In dit verband wil ik tot slot graag iemand citeren die jullie allemaal goed kennen, omdat hij nauw verbonden was met jullie academie. Hij was zelf kunstenaar, kende het vak van binnenuit, en daarnaast heeft hij ook veel prachtige stukken geschreven in mijn tijdschrift Kunstschrift. Ik bedoel Diederik Kraaijpoel. Kraaijpoel gaf graag adviezen, en een daarvan klonk als volgt. ‘Het museum’, zei hij, ‘geldt in de kunstwereld alom als het hoogste goed. Als je dat bereikt hebt, dan heb je het gemaakt. Maar’, zei hij, op de typische Kraaijpoel-manier, ‘In museumzalen wordt slecht naar de kunst gekeken. Mensen staan er een paar seconden voor, en dan lopen ze verder. En voor je het weet belandt je werk voor eeuwig in een depot. Maak werk voor de huiskamer. Richt je op de particulier.’

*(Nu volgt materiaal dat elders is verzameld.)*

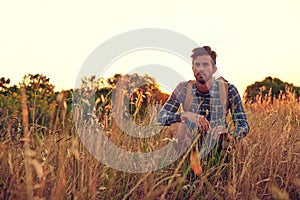 Hes got a love for the outdoors. a handsome young man enjoying the view while hiking.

Dat is een advies dat ik jullie graag wil meegeven. Maak werk voor ons, de liefhebbers.
Maak prachtige tekeningen en schilderijen, en verhef de status van het huiskamerkunstwerk. En bedenk dat het meeste en het mooiste dat nu in onze musea hangt, ooit daarvoor bedoeld was.
Ik wens jullie veel succes, en ik verklaar de tentoonstelling voor geopend.